2) Contracting and vendor management
- DORA compliant clauses are non negotiable. Contracts with designated CTPPs supporting critical or important functions should already include DORA mandated terms, such as:
- clear service description, SLAs and security measures;
- data processing/hosting locations and transfer conditions;
- comprehensive audit, access and information rights (including for the firm, internal audit, external auditor and competent authorities);
- incident notification timelines and cooperation duties aligned with DORA’s major incident reporting;
- support for testing (including TLPT participation where relevant);
- subcontracting transparency and approval/notification triggers for material sub outsourcing;
- business continuity, resilience, back up and failover commitments that match impact tolerances; and
- orderly exit and termination assistance, with workable transition periods and data portability.
- Provider “DORA annexes” require careful review. Many designated providers offer standard DORA addenda. These can be efficient but must be checked for:
- scope gaps (e.g., carve outs for certain services or regions);
- practical audit modalities (on site vs pooled audit/independent assurance, frequency, cost sharing);
- subcontracting disclosures and rights in complex chains;
- alignment with a firm’s internal policy thresholds for criticality and incident timelines; and
- reconciliation of provider assurance artefacts (e.g., independent audit reports, certifications) with DORA’s evidentiary needs.
- Pricing and pass through of oversight costs. CTPPs may seek to pass through oversight related costs (e.g., additional assurance, testing support). Financial entities may wish to ensure pricing clauses and change control mechanisms manage this risk.
3) Register, notifications and supervisory engagement
- Maintain the third party register. DORA requires an up to date register of all ICT third party arrangements, with enhanced detail for those supporting critical or important functions. Financial entities will want to tag entries involving designated CTPPs for targeted oversight.
- Notifications and information requests. While DORA does not impose a universal prior approval regime for third party contracts, NCAs can require notifications and will expect financial entities to produce, on request, granular information on CTPP backed critical services. Some NCAs have issued or will issue templates— Financial entities will want to ensure alignment with their lead NCA’s expectations.

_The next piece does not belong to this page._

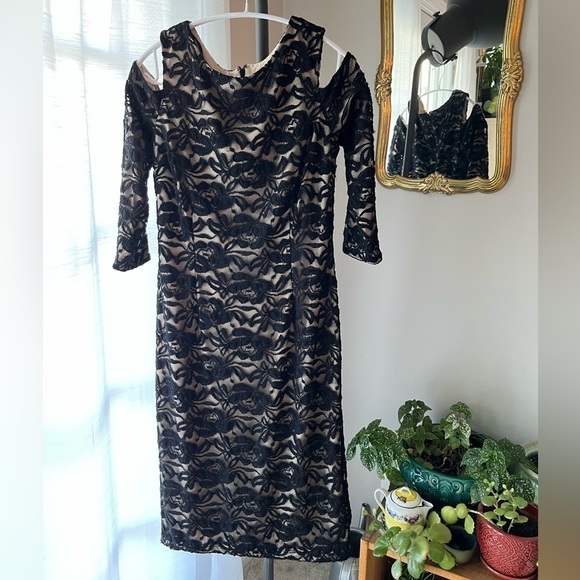 Eliza J Black Lace Overlay Midi Dress - Shoulderless - Picture 1 of 5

- Responding to ESA oversight outcomes. If the ESAs issue recommendations to a CTPP affecting services, NCAs may ask a firm to assess impact, adjust controls, or implement mitigations within defined timelines.

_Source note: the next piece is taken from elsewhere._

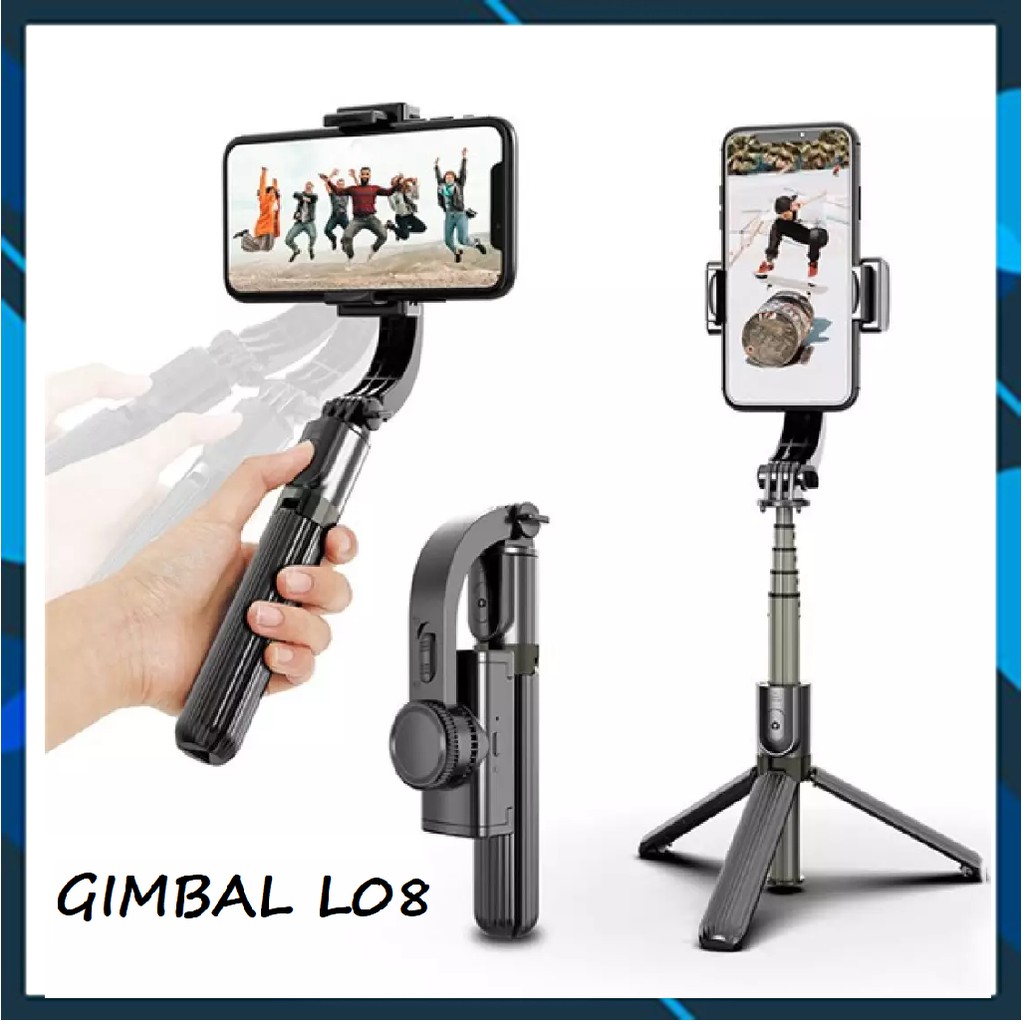 ✔️✔️ Tay Cầm Chống Rung Điện Tử Gimbal L08 Có Bluetooth - Gimbal Điện Thoại Chống Rung - Có Chân Đỡ Tự Đứng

4) Resilience architecture and exit
- Design for practical substitutability. Given the systemic nature of the designated CTPPs, genuine substitutability is challenging. Financial entities should:
- assess and document concentration risk (intra firm and sectoral), including dependencies on a small number of cloud, data and connectivity providers.
- consider substitutability and exit feasibility, including practical steps to enable switching or parallel run and realistic timelines, data portability and interoperability.
- map critical or important functions to specific services and components provided by CTPPs (including sub outsourcing layers).
- validate multi cloud or multi region designs beyond paper architecture (scenario test failover, data egress/ingress, IAM and control plane contingencies);
- pre position data and infrastructure as code templates to reduce switching time; and
- quantify exit timelines and costs in line with impact tolerances.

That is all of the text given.